Catalogue Number: BIS-SACD1710

Tracks:

Composition Artist Credit
Symphony No. 9 Gustav Mahler, Composer
Gustav Mahler, Composer
Alan Gilbert’s Mahler may be new to Gramophone readers, but the opening is full of a familiar ache – the Andante comodo tempo, the anacrusis in the first theme, the portamento in the violins all perfectly judged in the halting start to a journey taken almost reluctantly in the here and now rather than remembered from afar. Among familiar and celebrated accounts, therefore, Gilbert is aligned with Abbado rather than Haitink (or Bernstein rather than Giulini). Like Abbado (and very few others), he is exceedingly mindful of Mahler’s markings.
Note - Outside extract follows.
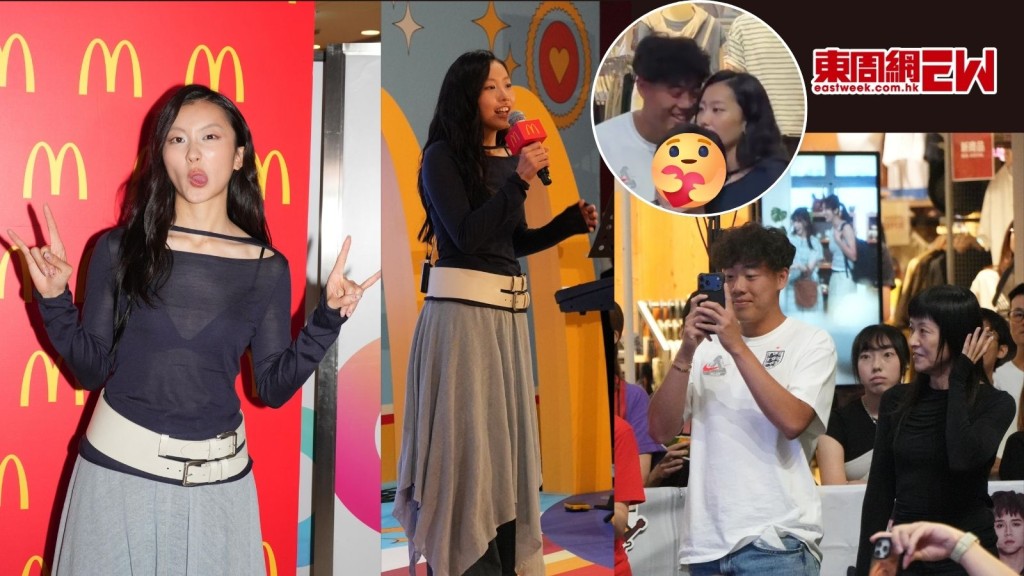 康堤商場表演獲「香港網球一哥」男友黃澤林現身力撐 一舉動超寵女友 兩人密密斟大晒甜蜜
My one query arises at fig 13, where he inserts a general pause, just as Karajan did, to prevent the end of the cello line clashing with the horn anacrusis – which Mahler clearly intends them to, especially when the movement’s first marked full pause is only 10 bars away.

On a technical level this must, I think, be the finest recording the work has received. Every note is audible – and the achievement of the orchestra (still more extraordinary than that of the engineers) is to play them and show how they all matter. So often the string parts overlap and finish each other’s sentences, as in a Haydn quartet or a Bach fugue (examples of which Mahler was studying intensively while composing the Ninth). In this case a studio recording is a distinct advantage, especially since the emotional charge hardly drops after the opening of the work. Gilbert juggles the many tempi of the inner movements to whip up the requisite hysteria (this isn’t a performance for those who must have their banality served on a silver salver) before offering true catharsis with the Adagio. Even in the last bars, the pulse and grammar of the music hold – just about; reminding us that at the beginning of the Tenth the violas pick up where they leave off here.

This first recording of Gilbert conducting Mahler is rather more than work in progress, but recent broadcasts of the Third (from Hamburg) and Das klagende Lied (from New York) suggest that we have much to look forward to. It is as exhausting and purifying an experience as any 80 minutes spent in your listening room has the right to be.